When the ACLU asked the CIA for records about its drone program, the secretive espionage and paramilitary organization issued what's called a Glomar response: The CIA would neither confirm nor deny even the existence of the records. A judge later found that response didn't stand up to scrutiny, given that various Obama administration officials had already publicly conceded the CIA's role in the drone program. It was hardly a secret.

But now the NYPD has tried its hand with the Glomar.

The circumstances pertain to a Harlem imam by the name of Talib Abdur-Rashid. The Village Voice explains how Abdur-Rashid came to find out that he may be a target of NYPD spying, and sought to find out more:

According to Enemies Within, a book on the demographics unit written by then-AP reporters Matt Apuzzo and Adam Goldman, Abdur-Rashid was one of 26 people placed on a "watch list" by the department in 2004. His "views on the wars in the Middle East" were what attracted the cops' attention, as well as his anti-Semitic remarks and other comments that were "distasteful," in the authors' characterization, but not illegal.

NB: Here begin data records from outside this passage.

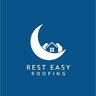 Rest Easy Roofing LLC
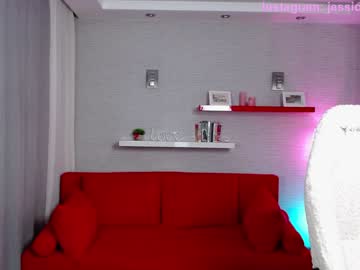 Naked cam girl jessica_rays image #2355769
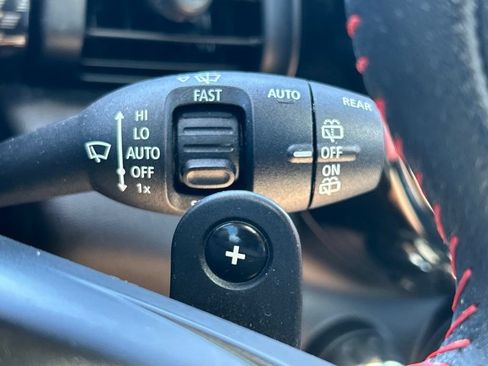 Used 2020 MINI Cooper S w/ Storage Package FWD image 23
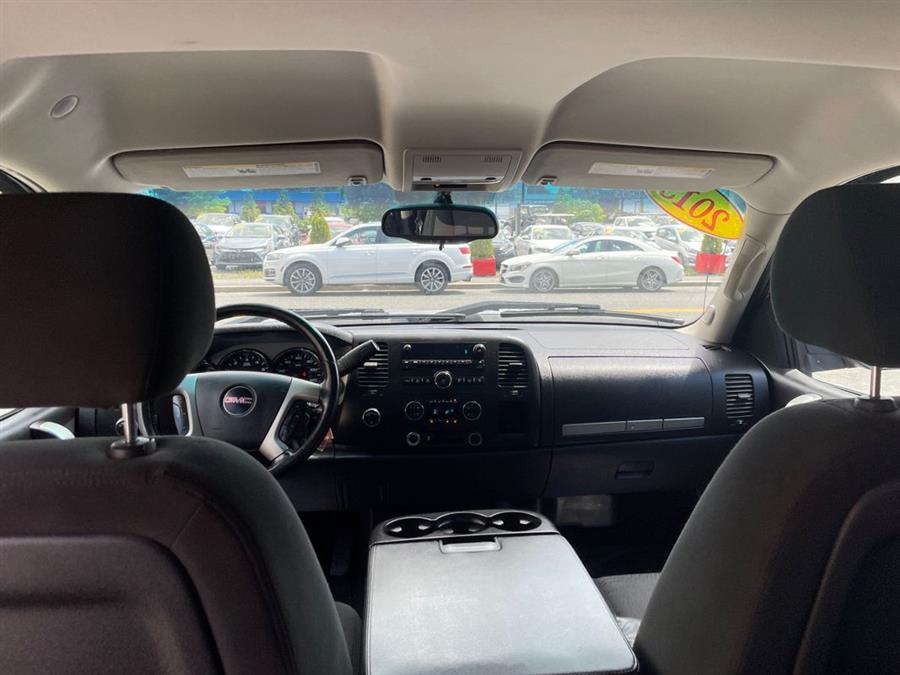 2013 GMC Sierra 1500 SLE, available for sale in Framingham, Massachusetts | Mass Auto Exchange. Framingham, Massachusetts 2013 GMC Sierra 1500 SLE, available for sale in Framingham, Massachusetts | Mass Auto Exchange. Framingham, Massachusetts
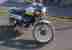 Triumph Scrambler 900, Vergasermodell,sehr guter Zustand, draufsetzen und los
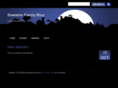 siswanto.org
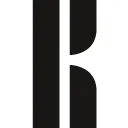 Logo van Kamiel van Kessel Graphic Design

In 2012, Abdur-Rashid demanded all records related to any investigation of him by the NYPD. Briefs flew back and forth. In February 2013, the department asked a judge to allow them to offer a "Glomar response," rather than refusing to release the records under New York's version of the Freedom of Information Act, which would normally require them to admit, at least, that such records exist.

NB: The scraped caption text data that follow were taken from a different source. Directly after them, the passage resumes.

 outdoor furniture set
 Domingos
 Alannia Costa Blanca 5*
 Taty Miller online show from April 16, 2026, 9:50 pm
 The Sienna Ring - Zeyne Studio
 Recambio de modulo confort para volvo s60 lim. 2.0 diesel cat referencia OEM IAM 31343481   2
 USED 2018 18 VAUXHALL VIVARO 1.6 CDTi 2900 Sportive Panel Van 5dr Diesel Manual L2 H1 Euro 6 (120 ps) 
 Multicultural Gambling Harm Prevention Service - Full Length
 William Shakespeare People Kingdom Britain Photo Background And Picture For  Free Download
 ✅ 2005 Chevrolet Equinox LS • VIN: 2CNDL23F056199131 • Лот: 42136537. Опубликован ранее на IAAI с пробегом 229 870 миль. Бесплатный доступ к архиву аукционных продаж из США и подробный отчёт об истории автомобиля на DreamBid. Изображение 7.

According to the NYPD, even acknowledging that the imam is or ever was a target of any kind of NYPD spying operation would reveal sensitive law enforcement methods. That idea is patently silly to anyone who has read the AP reports on the NYPD's Muslim spying operations, which have been extensively reported elsewhere in the press and in Apuzzo and Goldman's book. Nonetheless, a judge agreed with the NYPD in September, finding that the police can legitimately invoke the Glomar in response to a public records request. Abdur-Rashid plans to appeal.

And so the national security state continues to trickle down to the state and local level. Simply mention anything having to do with Muslims and the standard operating procedures fly out the window, in favor of secrecy, draconian punishments, and other markers of emergency rule.

As usual, democracy, transparency, and accountability are the casualties.